DeepSeek-V2-Lite-Chat
Property | Value |
---|---|
Parameter Count | 15.7B (2.4B active) |
Model Type | Mixture-of-Experts (MoE) |
Context Length | 32k tokens |
License | DeepSeek License |
Paper | arXiv:2405.04434 |
What is DeepSeek-V2-Lite-Chat?
DeepSeek-V2-Lite-Chat is an innovative language model that combines efficiency with powerful capabilities through its Mixture-of-Experts architecture. Built on advanced technologies including Multi-head Latent Attention (MLA) and DeepSeekMoE, it achieves impressive performance while maintaining deployability on a single 40GB GPU.
Implementation Details
The model features 27 layers with a hidden dimension of 2048 and employs 16 attention heads. Its architecture incorporates MLA with a KV compression dimension of 512, and utilizes a sophisticated MoE system with 2 shared experts and 64 routed experts, where 6 experts are activated per token. The model has been trained on 5.7T tokens and can process sequences up to 32k tokens in length.
- Innovative MLA architecture for efficient key-value cache compression
- DeepSeekMoE implementation for economical training and inference
- BF16 tensor format for optimal performance
- Sophisticated expert routing system with 6 active experts per token
Core Capabilities
- Strong performance on MMLU (55.7%), BBH (48.1%), and GSM8K (72.0%)
- Excellent multilingual capabilities with high scores on C-Eval (60.1%) and CMMLU (62.5%)
- Advanced code generation abilities with 57.3% on HumanEval
- Mathematical reasoning capabilities demonstrated through Math benchmark (27.9%)

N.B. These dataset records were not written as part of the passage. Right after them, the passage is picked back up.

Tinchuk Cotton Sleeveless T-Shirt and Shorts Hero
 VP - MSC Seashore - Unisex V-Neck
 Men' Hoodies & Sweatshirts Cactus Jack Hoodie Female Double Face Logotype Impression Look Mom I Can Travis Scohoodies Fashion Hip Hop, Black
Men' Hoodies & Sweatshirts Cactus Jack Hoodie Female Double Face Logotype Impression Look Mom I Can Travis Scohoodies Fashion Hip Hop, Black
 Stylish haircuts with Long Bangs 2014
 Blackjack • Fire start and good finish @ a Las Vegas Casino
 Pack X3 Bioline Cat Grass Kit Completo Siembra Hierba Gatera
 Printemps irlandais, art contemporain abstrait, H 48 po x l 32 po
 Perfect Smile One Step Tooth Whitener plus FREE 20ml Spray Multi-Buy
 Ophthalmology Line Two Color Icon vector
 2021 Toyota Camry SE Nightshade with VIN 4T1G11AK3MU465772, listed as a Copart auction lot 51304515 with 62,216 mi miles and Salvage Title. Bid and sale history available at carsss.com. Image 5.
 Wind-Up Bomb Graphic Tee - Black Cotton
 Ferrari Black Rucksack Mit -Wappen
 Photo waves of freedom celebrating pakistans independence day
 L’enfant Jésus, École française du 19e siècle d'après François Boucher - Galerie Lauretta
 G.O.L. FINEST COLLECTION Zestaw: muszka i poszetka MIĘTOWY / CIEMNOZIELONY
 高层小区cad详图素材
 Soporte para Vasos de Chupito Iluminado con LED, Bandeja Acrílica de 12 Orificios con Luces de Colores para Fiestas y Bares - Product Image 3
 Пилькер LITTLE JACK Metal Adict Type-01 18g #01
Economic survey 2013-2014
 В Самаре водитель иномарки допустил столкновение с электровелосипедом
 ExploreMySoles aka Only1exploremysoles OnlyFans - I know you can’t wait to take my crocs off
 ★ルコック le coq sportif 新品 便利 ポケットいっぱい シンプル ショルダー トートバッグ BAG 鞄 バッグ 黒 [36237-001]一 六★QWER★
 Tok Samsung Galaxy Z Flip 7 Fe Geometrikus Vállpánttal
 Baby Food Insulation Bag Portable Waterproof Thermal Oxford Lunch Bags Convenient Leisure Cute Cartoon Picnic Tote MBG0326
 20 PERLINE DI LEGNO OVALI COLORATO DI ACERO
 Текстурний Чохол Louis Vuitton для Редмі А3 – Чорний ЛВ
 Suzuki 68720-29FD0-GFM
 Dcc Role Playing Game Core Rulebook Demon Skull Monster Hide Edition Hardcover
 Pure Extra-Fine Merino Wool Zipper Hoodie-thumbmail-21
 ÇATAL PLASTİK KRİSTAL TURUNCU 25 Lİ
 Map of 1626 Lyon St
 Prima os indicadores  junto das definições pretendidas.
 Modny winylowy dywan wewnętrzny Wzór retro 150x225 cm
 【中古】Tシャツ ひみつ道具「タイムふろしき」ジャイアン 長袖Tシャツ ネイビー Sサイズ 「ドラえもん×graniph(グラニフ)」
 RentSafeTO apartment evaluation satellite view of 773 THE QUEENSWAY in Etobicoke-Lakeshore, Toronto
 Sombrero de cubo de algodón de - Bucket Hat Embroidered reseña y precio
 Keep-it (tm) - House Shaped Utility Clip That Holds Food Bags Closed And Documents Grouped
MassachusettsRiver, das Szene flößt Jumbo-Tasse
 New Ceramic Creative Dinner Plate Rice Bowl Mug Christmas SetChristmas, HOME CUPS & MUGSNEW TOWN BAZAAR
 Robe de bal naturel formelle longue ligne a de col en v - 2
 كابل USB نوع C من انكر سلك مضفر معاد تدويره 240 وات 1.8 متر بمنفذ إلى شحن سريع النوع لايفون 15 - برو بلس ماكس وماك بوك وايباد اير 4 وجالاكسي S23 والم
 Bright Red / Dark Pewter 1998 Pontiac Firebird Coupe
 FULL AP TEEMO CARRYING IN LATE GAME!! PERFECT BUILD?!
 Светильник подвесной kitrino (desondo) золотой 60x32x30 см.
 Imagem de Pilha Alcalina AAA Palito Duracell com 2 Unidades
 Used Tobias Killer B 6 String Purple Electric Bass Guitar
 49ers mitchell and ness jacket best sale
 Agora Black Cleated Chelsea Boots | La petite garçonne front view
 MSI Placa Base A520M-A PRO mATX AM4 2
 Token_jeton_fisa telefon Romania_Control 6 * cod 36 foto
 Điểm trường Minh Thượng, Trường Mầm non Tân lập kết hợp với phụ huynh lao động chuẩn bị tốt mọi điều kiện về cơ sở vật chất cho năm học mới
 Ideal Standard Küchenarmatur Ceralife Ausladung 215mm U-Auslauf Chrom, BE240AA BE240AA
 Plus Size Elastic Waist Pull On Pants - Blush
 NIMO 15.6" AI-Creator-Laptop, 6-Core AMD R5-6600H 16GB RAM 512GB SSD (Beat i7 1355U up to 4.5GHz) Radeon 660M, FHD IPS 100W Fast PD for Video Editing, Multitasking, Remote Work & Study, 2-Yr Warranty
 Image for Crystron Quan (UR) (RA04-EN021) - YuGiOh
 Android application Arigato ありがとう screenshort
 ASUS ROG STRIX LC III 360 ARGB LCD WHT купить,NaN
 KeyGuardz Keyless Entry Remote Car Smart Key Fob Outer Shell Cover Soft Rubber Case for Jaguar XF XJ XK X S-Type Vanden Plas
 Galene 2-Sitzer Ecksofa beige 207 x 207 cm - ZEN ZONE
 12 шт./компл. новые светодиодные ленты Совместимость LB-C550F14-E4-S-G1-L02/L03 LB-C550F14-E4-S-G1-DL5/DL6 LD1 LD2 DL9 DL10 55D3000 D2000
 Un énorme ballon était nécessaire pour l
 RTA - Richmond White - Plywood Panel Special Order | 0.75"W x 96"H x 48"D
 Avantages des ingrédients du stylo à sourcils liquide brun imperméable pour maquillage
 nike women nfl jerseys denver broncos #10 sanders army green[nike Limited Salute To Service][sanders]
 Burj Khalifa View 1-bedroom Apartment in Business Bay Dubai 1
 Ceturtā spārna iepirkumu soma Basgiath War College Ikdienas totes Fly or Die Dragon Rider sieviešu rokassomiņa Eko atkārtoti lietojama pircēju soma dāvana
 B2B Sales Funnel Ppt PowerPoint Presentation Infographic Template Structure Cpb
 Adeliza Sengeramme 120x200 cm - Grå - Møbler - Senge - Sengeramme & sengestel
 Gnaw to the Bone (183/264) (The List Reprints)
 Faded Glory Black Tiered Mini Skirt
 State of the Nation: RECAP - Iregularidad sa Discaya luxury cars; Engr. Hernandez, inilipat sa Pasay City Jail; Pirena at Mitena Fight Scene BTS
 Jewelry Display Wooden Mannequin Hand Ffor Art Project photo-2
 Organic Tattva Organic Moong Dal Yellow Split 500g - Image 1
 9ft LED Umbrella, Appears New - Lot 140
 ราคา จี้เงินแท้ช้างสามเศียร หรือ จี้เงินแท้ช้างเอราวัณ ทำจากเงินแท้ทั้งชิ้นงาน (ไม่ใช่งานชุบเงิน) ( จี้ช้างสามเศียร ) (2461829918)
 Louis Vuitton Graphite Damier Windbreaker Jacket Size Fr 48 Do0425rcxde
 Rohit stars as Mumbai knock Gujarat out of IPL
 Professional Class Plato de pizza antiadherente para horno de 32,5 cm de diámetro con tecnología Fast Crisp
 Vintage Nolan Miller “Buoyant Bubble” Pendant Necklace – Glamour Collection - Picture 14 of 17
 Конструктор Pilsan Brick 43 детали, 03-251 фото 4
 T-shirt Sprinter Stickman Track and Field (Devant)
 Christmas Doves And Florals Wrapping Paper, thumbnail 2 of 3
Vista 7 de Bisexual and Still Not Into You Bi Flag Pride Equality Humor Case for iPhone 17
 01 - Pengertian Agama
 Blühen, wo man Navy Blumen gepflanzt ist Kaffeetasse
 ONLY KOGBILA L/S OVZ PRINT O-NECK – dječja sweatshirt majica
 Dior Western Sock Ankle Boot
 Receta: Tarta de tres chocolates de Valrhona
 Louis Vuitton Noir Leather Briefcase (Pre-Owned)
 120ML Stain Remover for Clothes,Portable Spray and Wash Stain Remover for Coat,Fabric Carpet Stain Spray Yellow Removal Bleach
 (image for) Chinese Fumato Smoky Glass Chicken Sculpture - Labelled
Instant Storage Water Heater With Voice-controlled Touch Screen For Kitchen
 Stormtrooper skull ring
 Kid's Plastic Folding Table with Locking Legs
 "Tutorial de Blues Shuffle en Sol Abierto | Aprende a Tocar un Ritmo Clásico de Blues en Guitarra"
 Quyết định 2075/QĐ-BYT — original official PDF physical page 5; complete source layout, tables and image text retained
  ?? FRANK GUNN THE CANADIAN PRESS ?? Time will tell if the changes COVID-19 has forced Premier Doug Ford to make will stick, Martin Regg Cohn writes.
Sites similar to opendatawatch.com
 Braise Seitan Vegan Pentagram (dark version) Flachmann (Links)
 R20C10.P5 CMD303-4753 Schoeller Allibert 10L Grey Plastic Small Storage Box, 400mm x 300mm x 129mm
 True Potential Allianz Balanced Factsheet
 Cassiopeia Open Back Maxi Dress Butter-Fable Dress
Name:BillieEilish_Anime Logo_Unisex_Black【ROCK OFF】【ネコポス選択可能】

Frequently Asked Questions
Q: What makes this model unique?
The model's distinctive feature is its efficient architecture that achieves high performance with only 2.4B active parameters out of 15.7B total parameters, making it deployable on a single GPU while maintaining competitive performance with larger models.
Q: What are the recommended use cases?
DeepSeek-V2-Lite-Chat excels in various applications including multilingual tasks, code generation, mathematical reasoning, and general language understanding. It's particularly suitable for scenarios requiring efficient deployment while maintaining high-quality outputs.